In the first two collections of Hero Cats, readers were introduced to the team of cats who have tasked themselves with keeping Stellar City safe; Cassiopeia, the newest team member from whose perspective we see the story, leader Ace, mind reader Belle, tough Rocco, skittish Rocket, and mysterious Midnight. Throughout the previous titles they have battled mysterious criminals and super villains who have unexpectedly started threatening the city, and they’ve formed an uneasy alliance with superhero Galaxy Man and his sidekick Cosmic Girl, now known to be Cassie’s family, Professor and Suzy Quest.
Throughout their adventures, there have been hints at a more powerful foe who is orchestrating the events in Stellar City and in this collection of issues 7 to 9, the villain begins to play his hand more clearly. The Crow King is an evil and mysterious creature. They will need all their skills to fight him, including the talents of Cassie’s brother, Bandit, who reappears after a long absence with secrets and abilities of his own. But when the Crow King’s power sends them all into a dream realm, will any of them have the power to escape or will they be trapped in a nightmare forever?

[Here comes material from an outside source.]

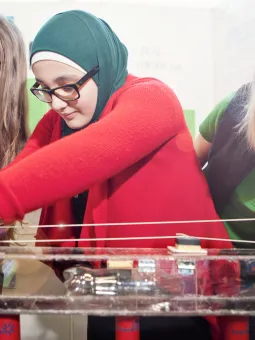 Två elever visar upp deras innovation under ett skolprojekt på Universeum.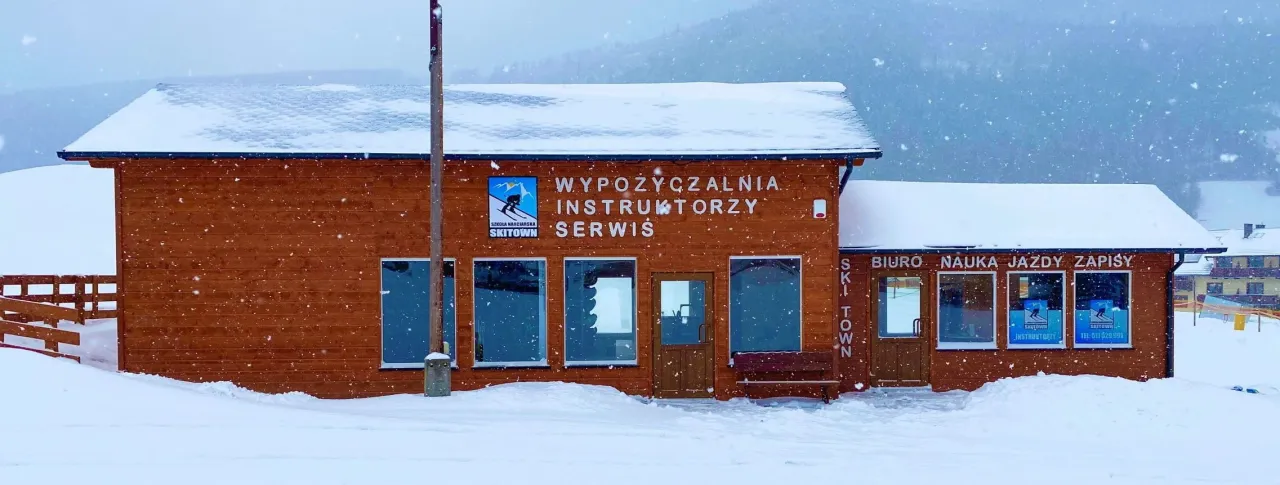 Zdjęcie Wypożyczalnia sprzętu narciarskiego w Szczyrku – gdzie i jak wybrać najlepszy sprzęt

There’s an interesting change to the art in issues 8 and 9 in this collection. In their dream, the Hero Cats have become human and the artists must translate their feline characters, coloring and personality, into a human representation. Cassiopeia becomes a somewhat naive and clumsy but sweet girl in orange and white that mimics her coloring; Ace is a young, silver-haired Navy captain who is dedicated to defending his queen and country. Each of the characters are recognizable by their traits, coloring, and physical features but their “human” aspects in the dream also give more insight into their characters. Heavy, colorful clouds bordering the panels signify the dream world and their color changes as the Crow King’s influence becomes more marked.

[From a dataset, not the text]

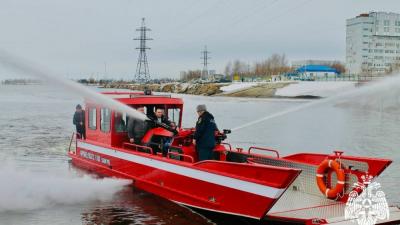 МЧС России успешно протестировало новый катер для тушения пожаров в труднодоступных населенных пунктах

This collection also shows an interesting side to Belle, whose powers come into play and show her as one of the more powerful team members, rather than a reluctant tag-a-long, as in previous adventures. While some of the characters remain one-dimensional or stalled in their development, like Cassie and Ace, readers can hope for future issues to flush out their stories a little more.

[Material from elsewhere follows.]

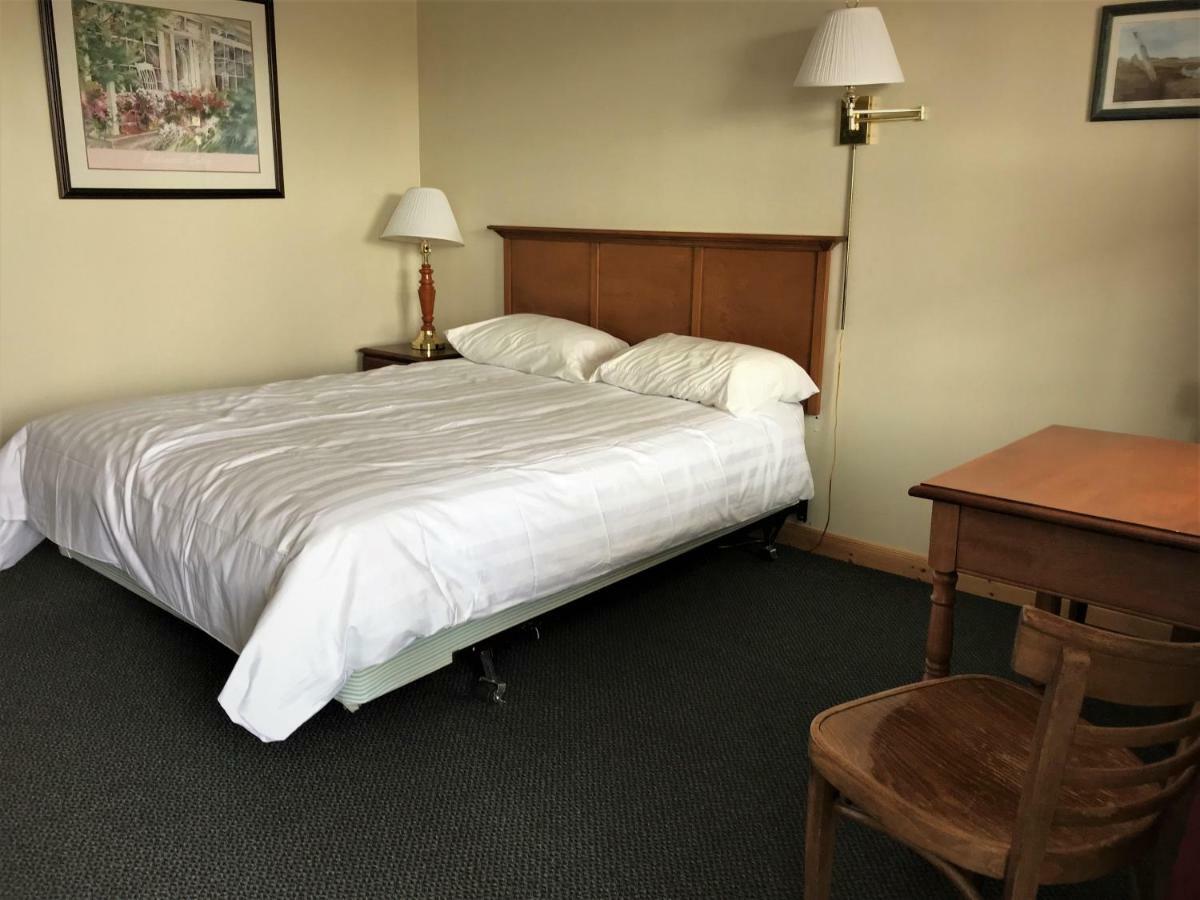 Hopewell Rocks Motel & Country Inn 호프웰 케이프 외부 사진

As usual, there are a number of ads, notes and sketches, and fan art and costumes included in the comics. However, the ads include more mature comics in this collection, First Hero, Venture, etc. This may be why a rating system for the comics is included, from E to M, but only some of the ads have the age rating on them. I’m also skeptical of the ratings anyways, as Cyrus Perkins and the Haunted Taxi Cab, a murder mystery with blood spatters on the cover, is rated A for ages 9 and up. This may seem irrelevant to the actual content of the comic itself, but by including ads for their other properties, the publisher is marketing these to the readers of the comic which, in a public library, will be primarily children.
As these titles are available only in paperback and the layout and binding is less than stellar—whole chunks of text are lost in the gutter in one explanatory sequence—they’re not a top choice for libraries. However, the stories themselves are very kid-friendly and readers who enjoy Warriors, Zita the Space Girl, Super Pets, and kid-friendly superhero comics will devour these titles. Be prepared to buy the whole series and future sequels, as each comic and collection ends on a cliffhanger.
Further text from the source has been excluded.